In an important model-validation step not taken in many SDM studies, we show that the models built under current climatic conditions can be used to predict distributions under different climatic conditions through hindcasting. In contrast to Martínez-Meyer et al. (2004), who found that ecological niche models built using present-day pika locations poorly predicted LGM fossil locations, but similar to Galbreath et al. (2009), we found evidence of niche conservatism when hindcasting models to the LGM. The models missed only three to five of 49 fossil locations in the LGM. We note that across the entire study area, the models perhaps overpredict actual suitability. There was substantial extrapolation with respect to the winter cold input in the northern portion of the study area (Fig. S7), and we used Maxent's clamping option; thus, cold temperatures may have limited pika distributions in the LGM more than the coldest conditions in the current climate do. Indeed, Galbreath et al. (2009) used a full suite of bioclimatic variables in their hindcasting and did not predict the same extent of suitability in the LGM. However, Galbreath et al. (2009) appear to have missed a number of fossil locations that our models do predict as suitable. Furthermore, for the purposes of this work, which is focused on warm temperatures as the key driver of pika distributions, the most informative regions of the LGM hindcasting are along the southern edges of predicted distributions. These are the areas where warm temperatures are limiting habitat suitability, and our models are in fact discriminating in these areas.
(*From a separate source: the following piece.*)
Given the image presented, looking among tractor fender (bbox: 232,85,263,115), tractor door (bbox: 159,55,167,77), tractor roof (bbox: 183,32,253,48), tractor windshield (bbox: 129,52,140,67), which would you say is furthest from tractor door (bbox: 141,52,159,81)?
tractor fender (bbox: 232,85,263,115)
The models also accurately predicted range contraction from the LGM to the MH. Among the MH fossil locations, Pintwater Cave was the only MH/LH fossil location that no model predicted suitable habitat within 3 km during the MH. We note that Grayson (2005) questioned pika persistence at this site in the Holocene, and these modeling results also suggest that these fossils might be erroneously dated. The ability of these models to be accurately applied to both current climate conditions and two past climate scenarios provides increased confidence in their ability to predict the effects of future climate warming, assuming that future climate change will not lead to no-analog niche dynamics (e.g., Veloz et al., 2012).
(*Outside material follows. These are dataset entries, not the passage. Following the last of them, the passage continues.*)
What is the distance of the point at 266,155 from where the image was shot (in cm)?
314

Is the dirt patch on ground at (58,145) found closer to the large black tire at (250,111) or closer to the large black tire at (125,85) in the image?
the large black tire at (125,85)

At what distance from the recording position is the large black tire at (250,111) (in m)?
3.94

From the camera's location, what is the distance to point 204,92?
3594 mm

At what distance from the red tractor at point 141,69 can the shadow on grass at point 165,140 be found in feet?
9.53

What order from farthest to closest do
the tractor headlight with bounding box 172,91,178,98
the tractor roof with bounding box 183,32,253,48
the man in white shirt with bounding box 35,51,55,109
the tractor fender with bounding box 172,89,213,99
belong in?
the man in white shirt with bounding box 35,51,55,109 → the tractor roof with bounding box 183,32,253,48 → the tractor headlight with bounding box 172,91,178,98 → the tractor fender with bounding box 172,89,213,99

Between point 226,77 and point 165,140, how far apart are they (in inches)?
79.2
Benefits of combining modeling approaches

These results illustrate the value of using multiple modeling approaches when predicting species distributions. Mechanistically modeling a direct effect of warmer temperatures on organisms is theoretically more reliable than relying solely on climate correlations when extrapolating to novel conditions (Kearney & Porter, 2009; Elith et al., 2010; Franklin, 2013). However, we were unable to test whether a mechanistic model is in fact more reliable when predicting pika distribution changes in response to climates markedly warmer than today. We do not have locations for pikas under such conditions and thus no way to evaluate whether one model performed better. Nonetheless, utilizing two modeling approaches can help to corroborate predicted trends and bracket the magnitude of potential habitat losses. Here, there is increased confidence in the large areas of habitat loss predicted by both models (Kearney et al., 2010; Meineri et al., 2015; Briscoe et al., 2016). Meanwhile, the mechanistic model predictions identified additional areas that may remain suitable under warmer conditions, areas that could also be given consideration in management planning (e.g., for identifying habitats to conserve in order to protect current populations or as translocation sites), after areas where both modeling approaches agree on future suitability.
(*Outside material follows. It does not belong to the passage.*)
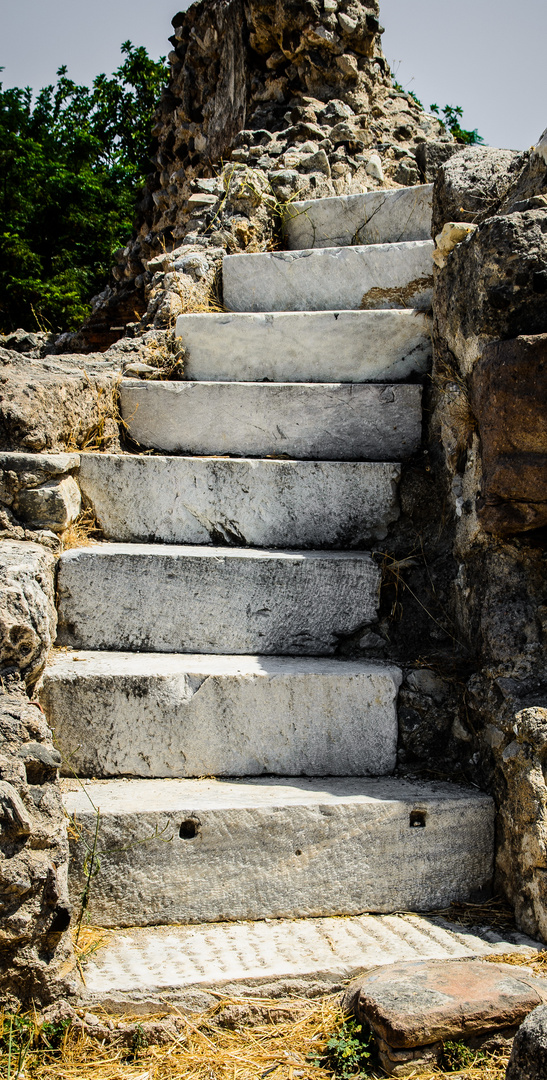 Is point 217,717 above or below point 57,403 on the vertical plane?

Integration with a correlative approach also improved interpretation of Niche Mapper's mechanistic predictions. Maxent's statistical framework allowed a mechanistic output with no known threshold value (activity hours) to be converted into an index of habitat suitability without the need for a presence/absence dataset. Furthermore, the importance of summer activity as a limiting process likely varies across the pika's range. Activity model predictions were improved by adding a winter cold variable, which modified the importance of summer activity, expanding and contracting suitability predictions in logical ways. Areas where pikas currently exist with summer activity times slightly below the suitability threshold and milder winters were predicted as unsuitable by the activity baseline model but suitable by the activity + winter cold model. This suggests that lower summer activity may be sufficient to facilitate pika persistence where winters are milder, potentially due to a longer growing season or reduced energetic costs in the winter (sensu Varner & Dearing, 2014a,b, who found that haypile size correlated with winter duration). In contrast, areas with summer activity levels just above the threshold and with colder winters where pikas are not found were predicted as suitable by the activity baseline model, but unsuitable by the activity + winter cold model.

We recognize that the baseline + winter cold models performed slightly worse in the hindcasting tests than the baseline models. However, that performance needs to be balanced against the uncertainty and reduced resolution of climate reconstructions for past epochs and the superior performance of these models under current climate conditions where there is less uncertainty regarding the climate data. Given these considerations, we do not believe the modest decline in performance in the hindcasting is reason to conclude that these models are worse than the baseline models.

Lastly, incorporating a mechanistic model also allows investigations of outlying areas that do not fit general distribution patterns found at the landscape level. For example, no model predicted suitable habitat in low-elevation lava flow landscapes where pikas are known to exist (e.g., Craters of the Moon and Lava Beds National Monuments, Newberry National Volcanic Monument; Jeffress et al., 2013; Shinderman, 2015; Ray et al., 2016). One possible explanation is that surface connections to subsurface reservoirs of cool air and ice found in the lava tubes creates cooler surface microclimates around these connections than predicted using macroclimate data (Shinderman, 2015; Ray et al., 2016). Another possible explanation is that these populations may have different morphological characteristics. Hall & Bowlus (1938) report that pikas in Craters of the Moon are smaller than neighboring mountain populations, and Moyer-Horner et al. (2015) illustrated the importance of body size and fur properties to a model pika's ability to maintain activity levels in warm temperatures. Indeed, if pikas are modeled with 10–20% reductions in body size and/or fur thickness, summer activity in areas of Craters of the Moon and Lava Beds National Monuments where pikas are found are predicted to be above the 1132-h threshold identified for persistence at Great Basin sites (Fig. S10). Clearly, more detailed and comprehensive comparative measurements would be required to fully evaluate this idea. Nonetheless, this example illustrates how biophysical models such as Niche Mapper can incorporate intraspecific phenotypic variation into species distribution models, an important contribution that mechanistic models can provide (Buckley, 2008; Kolbe et al., 2010; Boyles et al., 2011).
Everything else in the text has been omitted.